§ Dataset records:
————

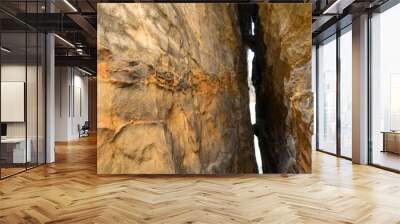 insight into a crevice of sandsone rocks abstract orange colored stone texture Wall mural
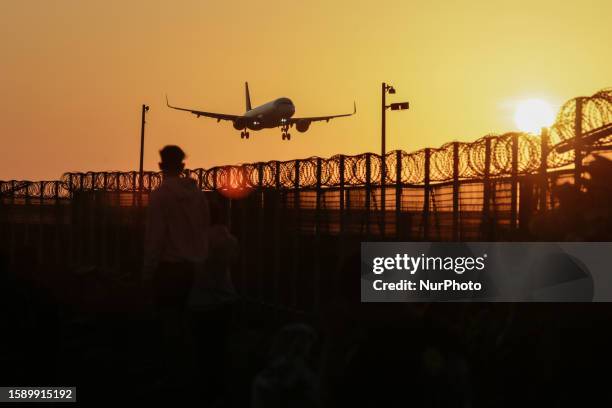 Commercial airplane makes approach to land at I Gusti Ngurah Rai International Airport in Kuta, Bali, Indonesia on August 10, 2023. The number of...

————

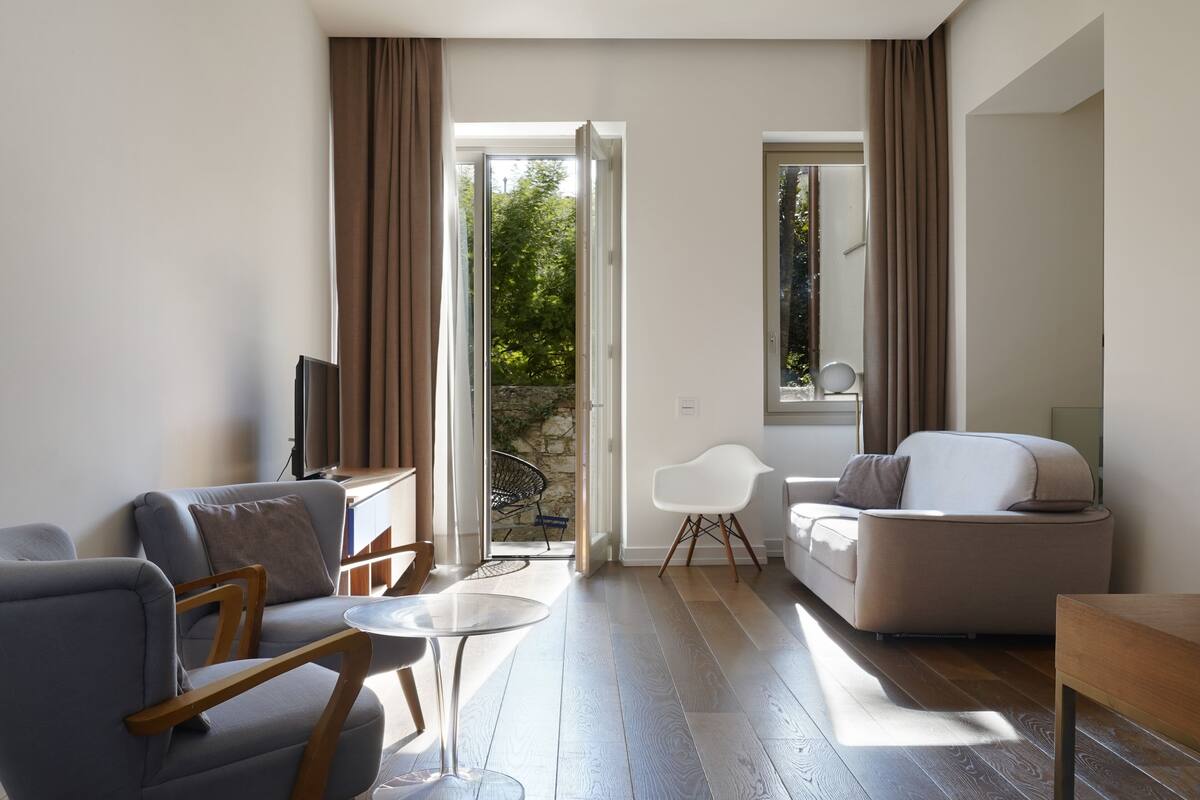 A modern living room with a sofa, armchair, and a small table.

————

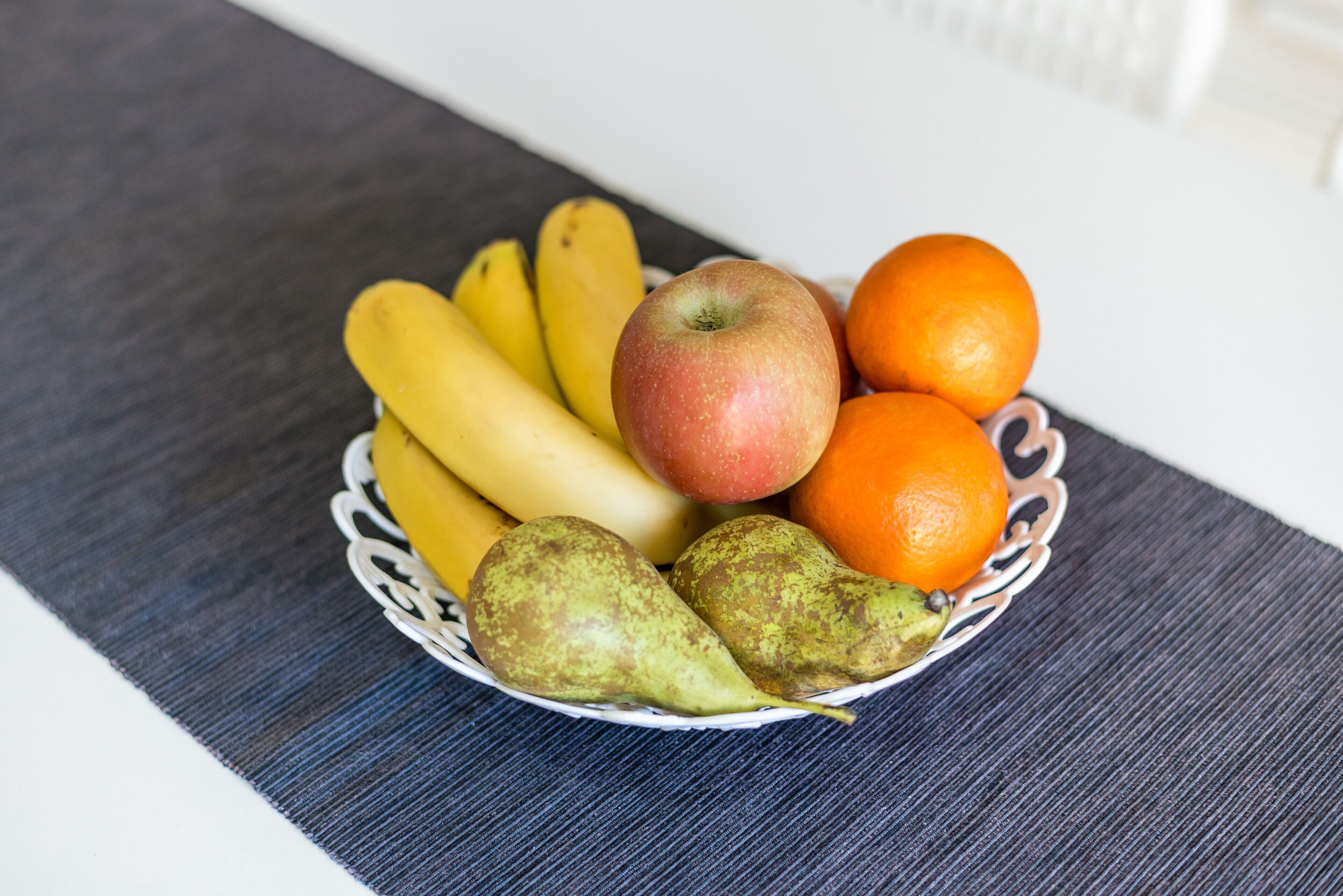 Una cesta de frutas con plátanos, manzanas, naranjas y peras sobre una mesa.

————

§ Prompt: From the records above, transcribe only the stretch from the line with "insight into a" through the line with "Commercial airplane makes", keeping both ends. Omit pictures.

§ Response below:
 insight into a crevice of sandsone rocks abstract orange colored stone texture Wall mural
 Commercial airplane makes approach to land at I Gusti Ngurah Rai International Airport in Kuta, Bali, Indonesia on August 10, 2023. The number of...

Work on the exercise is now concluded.